One more view, taken from the west.

Nebel has estimated the height of the formation at 25 to 35 feet, with a weight estimated at 150 to 200 tons. Meling said the city doesn’t want to take it down, anymore than it wanted to remove Monkey Face, but it does present a danger, as well as a liability against the city if it were to fall and injure or kill someone.

She said the plan is to attach two steel cables to the rock and then use a couple of bulldozers to pull it toward the Rims and “lay it down” on the broad shelf of rock on which it stands.

Clawson is still trying to gather more information of the formation and its fellow Sentinels, hoping somehow to save it.

Beyond what the formation means to Native Americans, Clawson said, it holds personal significance for him. When he was growing up near Hardin, he said in an email, Santa Claus Rock was an important landmark when the family drove into Billings.

Coming over Hogan Hill, east of Billings, in the 1950s, he said, his father would always ask his children “Do you see the giant? Has he gone into the cave yet?”

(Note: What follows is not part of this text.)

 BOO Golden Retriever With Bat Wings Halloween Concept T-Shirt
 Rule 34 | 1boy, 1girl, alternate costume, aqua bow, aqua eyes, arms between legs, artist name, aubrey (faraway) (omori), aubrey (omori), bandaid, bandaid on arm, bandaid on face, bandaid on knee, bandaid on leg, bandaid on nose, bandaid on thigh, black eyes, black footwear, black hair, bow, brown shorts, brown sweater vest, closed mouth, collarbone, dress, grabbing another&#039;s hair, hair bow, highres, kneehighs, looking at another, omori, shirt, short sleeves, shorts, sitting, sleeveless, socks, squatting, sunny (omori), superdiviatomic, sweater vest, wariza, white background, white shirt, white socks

As Clawson explained it, “an optical illusion, still mostly seen today even with the interstate, would give the visual illusion of the standing stone going into the cave.”

The giant formation is hard to see from most vantage points because it blends in with the sandstone Rims behind it. But if you know what you’re looking for, it can easily be seen from Lockwood and even father east, as we hope the accompanying photos will make clear.

UPDATE: One of the most remarkable things about the formation is that it looks a lot like Santa Claus from both the front and back, as you can see by looking at the first and last photographs above. How can that be?